Dale Stephens, 19, of San Francisco describes himself as a non-conformist. He is a product of home-schooling. He wants to create a new way to develop and demonstrate talent. James Proud, also 19, grew up in Britain and was a self-taught computer programmer at age 9. He has decided to skip college in order to create a new web-based service called GigLocater, which will steer music fans to live performances. He has moved to Palo Alto where he's temporarily sleeping on the sofa at a friend's apartment until he can find a permanent home.

Both Stephens and Proud have just been given $100,000 apiece from the Thiel Foundation to foster the next generation of tech innovators. They're two of 24 recipients from seven countries.

The money is not for college. They will be mentored instead to develop start-ups.

Stephens is working on sites that will give ambitious young people a way to validate life experience, rather than academics, when dealing with prospective employers. He cites research critical of college learning.

"From over four years of college, 36 percent of college students showed no improvement in critical reading, complex reasoning or analytical thinking," said Stephens. "Basically, learning is not happening at the undergraduate level."

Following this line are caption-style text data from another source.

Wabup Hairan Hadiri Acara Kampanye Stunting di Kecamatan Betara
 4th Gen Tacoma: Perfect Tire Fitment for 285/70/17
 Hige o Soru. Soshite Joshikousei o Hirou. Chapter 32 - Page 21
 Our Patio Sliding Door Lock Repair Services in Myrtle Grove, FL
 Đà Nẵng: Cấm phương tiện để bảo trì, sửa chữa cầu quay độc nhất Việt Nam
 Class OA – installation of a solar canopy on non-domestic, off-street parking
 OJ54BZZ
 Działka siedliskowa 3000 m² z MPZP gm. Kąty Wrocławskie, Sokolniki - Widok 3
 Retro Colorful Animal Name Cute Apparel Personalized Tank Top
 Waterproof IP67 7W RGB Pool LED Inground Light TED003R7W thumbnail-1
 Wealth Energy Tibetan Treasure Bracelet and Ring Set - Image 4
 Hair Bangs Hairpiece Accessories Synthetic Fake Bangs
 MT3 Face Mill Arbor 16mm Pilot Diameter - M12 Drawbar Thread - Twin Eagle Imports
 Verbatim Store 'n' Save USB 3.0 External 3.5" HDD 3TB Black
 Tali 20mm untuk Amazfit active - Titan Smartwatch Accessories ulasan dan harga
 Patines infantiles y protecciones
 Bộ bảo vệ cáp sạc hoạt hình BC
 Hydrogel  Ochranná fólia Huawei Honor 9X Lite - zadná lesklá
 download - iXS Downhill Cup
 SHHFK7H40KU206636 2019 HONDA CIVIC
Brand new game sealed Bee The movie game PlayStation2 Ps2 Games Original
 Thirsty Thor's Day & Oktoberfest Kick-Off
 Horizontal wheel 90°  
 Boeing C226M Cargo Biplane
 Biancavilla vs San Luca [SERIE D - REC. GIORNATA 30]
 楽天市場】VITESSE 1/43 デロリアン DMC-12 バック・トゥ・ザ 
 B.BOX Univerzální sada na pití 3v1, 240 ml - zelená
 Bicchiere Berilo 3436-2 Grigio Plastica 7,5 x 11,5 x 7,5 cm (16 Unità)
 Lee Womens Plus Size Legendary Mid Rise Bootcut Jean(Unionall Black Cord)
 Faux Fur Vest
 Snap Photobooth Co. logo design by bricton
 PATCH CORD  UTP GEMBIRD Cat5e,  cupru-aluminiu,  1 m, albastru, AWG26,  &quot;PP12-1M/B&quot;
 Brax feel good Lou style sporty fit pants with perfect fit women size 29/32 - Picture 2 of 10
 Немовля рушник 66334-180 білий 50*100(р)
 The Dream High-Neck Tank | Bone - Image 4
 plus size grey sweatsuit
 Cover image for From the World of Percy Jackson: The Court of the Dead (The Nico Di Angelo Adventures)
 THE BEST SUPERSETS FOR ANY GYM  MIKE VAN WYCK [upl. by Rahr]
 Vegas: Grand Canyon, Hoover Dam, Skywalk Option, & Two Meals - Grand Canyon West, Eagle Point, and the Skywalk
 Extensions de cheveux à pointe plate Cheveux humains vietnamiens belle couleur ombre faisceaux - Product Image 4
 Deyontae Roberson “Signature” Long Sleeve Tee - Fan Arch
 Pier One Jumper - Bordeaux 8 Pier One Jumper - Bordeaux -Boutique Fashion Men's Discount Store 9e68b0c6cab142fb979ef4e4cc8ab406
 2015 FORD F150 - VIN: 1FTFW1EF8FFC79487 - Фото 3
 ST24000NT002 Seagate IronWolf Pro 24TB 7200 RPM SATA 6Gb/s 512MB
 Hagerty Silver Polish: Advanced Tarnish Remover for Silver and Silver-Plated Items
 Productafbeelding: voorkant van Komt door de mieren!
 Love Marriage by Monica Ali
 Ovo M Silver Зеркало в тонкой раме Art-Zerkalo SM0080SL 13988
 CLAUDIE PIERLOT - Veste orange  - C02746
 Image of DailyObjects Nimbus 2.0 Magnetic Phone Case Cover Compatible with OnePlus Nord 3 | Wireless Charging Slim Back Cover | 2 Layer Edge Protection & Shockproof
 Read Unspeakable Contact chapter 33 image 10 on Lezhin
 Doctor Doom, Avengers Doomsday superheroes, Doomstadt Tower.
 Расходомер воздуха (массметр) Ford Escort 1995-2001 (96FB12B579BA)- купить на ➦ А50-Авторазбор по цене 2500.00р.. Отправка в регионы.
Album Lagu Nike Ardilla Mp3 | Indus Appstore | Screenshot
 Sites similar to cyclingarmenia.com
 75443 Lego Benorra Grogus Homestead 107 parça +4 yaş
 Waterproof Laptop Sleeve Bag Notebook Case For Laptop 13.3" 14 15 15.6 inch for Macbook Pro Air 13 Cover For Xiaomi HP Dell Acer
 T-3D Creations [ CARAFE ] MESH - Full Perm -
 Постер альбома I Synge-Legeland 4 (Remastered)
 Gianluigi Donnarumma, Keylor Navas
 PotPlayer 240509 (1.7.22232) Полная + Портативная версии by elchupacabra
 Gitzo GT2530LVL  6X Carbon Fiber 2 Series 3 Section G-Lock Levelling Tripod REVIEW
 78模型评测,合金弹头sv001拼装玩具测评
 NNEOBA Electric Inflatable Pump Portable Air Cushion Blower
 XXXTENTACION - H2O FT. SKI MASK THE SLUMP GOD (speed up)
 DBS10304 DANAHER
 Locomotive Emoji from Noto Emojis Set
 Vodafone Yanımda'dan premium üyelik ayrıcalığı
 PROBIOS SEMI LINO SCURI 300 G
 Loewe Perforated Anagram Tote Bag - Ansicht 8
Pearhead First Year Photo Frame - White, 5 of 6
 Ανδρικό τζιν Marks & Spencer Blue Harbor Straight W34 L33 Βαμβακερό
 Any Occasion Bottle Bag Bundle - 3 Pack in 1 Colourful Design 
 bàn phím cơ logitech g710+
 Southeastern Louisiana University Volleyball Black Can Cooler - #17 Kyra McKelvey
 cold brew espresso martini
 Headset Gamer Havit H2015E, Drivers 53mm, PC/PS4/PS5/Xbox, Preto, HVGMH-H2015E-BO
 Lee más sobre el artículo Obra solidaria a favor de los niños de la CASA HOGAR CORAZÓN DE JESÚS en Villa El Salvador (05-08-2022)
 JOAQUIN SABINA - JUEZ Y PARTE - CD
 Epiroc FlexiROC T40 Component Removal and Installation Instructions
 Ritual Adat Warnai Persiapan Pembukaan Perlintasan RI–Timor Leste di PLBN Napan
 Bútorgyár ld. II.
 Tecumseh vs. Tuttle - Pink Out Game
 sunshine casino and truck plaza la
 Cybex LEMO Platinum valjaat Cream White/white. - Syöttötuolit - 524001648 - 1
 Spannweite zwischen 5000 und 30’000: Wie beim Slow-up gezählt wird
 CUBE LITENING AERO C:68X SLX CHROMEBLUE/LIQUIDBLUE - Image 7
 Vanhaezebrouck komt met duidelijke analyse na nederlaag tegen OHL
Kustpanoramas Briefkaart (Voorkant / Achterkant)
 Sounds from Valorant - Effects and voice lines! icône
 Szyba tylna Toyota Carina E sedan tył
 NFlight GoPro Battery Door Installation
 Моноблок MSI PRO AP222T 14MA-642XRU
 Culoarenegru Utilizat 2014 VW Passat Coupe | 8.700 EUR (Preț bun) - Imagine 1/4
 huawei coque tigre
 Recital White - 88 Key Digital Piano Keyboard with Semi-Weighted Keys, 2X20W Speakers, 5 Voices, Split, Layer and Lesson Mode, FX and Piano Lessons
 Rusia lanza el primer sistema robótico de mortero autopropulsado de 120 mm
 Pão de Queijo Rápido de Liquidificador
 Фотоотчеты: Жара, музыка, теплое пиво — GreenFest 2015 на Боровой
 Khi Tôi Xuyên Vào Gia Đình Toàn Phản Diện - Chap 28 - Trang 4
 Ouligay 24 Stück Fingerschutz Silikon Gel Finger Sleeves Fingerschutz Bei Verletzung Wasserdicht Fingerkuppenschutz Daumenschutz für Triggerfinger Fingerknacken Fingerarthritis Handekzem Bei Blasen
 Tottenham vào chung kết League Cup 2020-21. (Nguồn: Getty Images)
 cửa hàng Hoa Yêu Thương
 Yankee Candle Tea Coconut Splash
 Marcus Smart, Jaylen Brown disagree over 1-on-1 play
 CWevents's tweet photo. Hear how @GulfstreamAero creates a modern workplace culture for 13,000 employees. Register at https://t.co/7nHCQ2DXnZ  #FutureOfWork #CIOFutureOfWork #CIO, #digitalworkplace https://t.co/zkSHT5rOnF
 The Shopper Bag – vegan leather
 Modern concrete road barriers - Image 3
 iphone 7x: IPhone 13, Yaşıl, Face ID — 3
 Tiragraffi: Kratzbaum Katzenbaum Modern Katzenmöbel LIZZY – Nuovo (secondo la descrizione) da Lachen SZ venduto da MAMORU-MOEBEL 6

Proud says that instead of attending college, he wants to create a useful service.

"You get to a point where you're deciding, I'm not going to make money from this, maybe ever, and that's completely fine," said Proud. "You just work on building something which you enjoy and you want others to enjoy as well."

While skipping college is a bold idea, could they be missing something?

"I think that you'd miss out a lot on the experience that you get with collaborating with your peers," said Stanford freshman Maddy Kane.

"That's where the students build the foundation of how to become leaders, how to market, how to go into accounting or operations, and they need that," said Foothill College Business Dean Glenn Violett.

This is the first year for the fellowship program.

Entrepreneurship carries with it a certain amount of risk. We'll have to see in time whether the 24 Thiel fellows are smart enough to beat the odds.